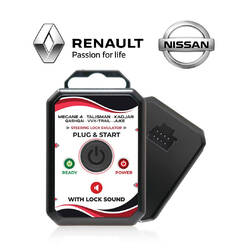 Эмулятор Renault - Эмулятор Talisman - Эмулятор Megane4 - Kadjar - Симулятор эмулятора блокировки рулевого управления Nissan X-Trail Qashqai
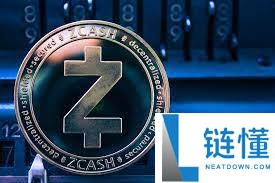 区块链与Zcash：小白用户的使用指南
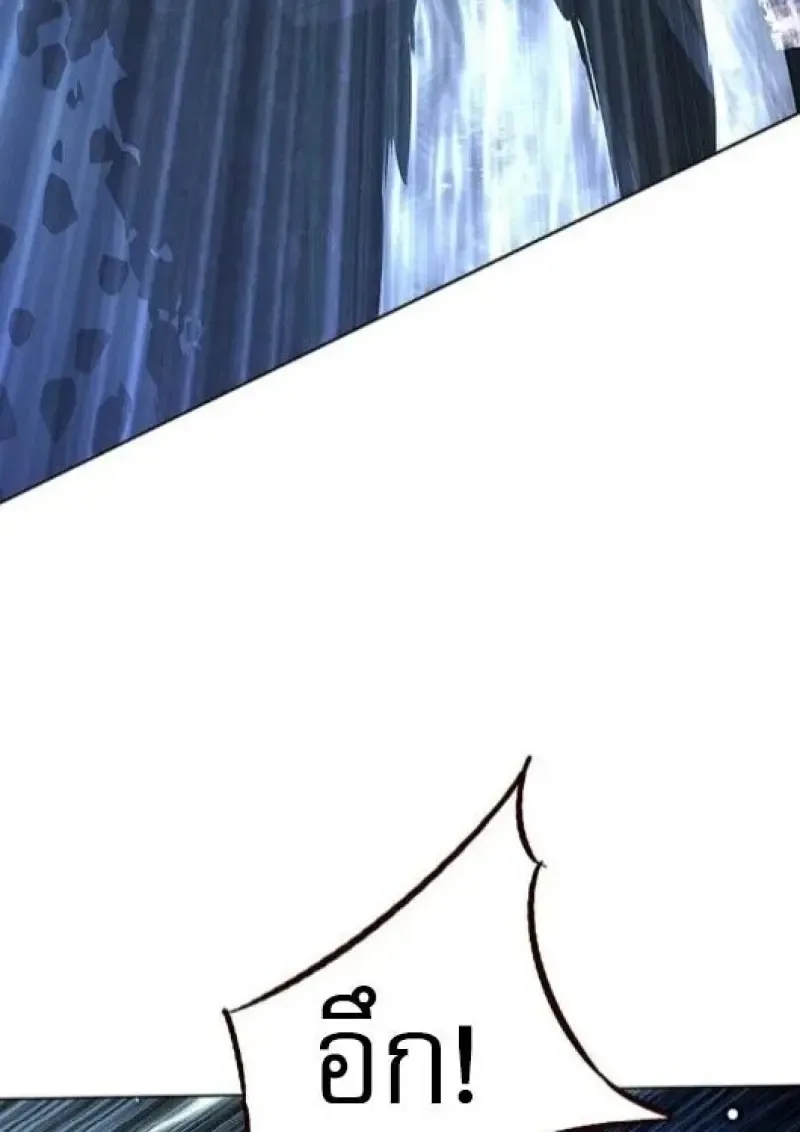 Eleceed อีลีซีด ตอนที่ 383 หน้า 135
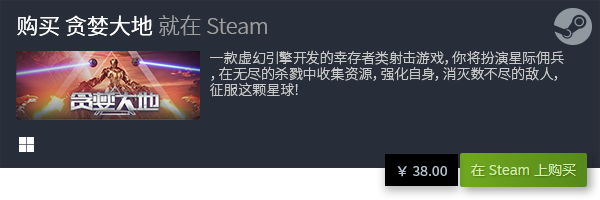 全 有哪些好玩的电脑小游戏九游会网站必玩电脑小游戏大(图18)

**What to produce:** With the pictures set aside, return each line of the listing exactly as given.

**Output below:**
 Эмулятор Renault - Эмулятор Talisman - Эмулятор Megane4 - Kadjar - Симулятор эмулятора блокировки рулевого управления Nissan X-Trail Qashqai
 区块链与Zcash：小白用户的使用指南
 Eleceed อีลีซีด ตอนที่ 383 หน้า 135
 全 有哪些好玩的电脑小游戏九游会网站必玩电脑小游戏大(图18)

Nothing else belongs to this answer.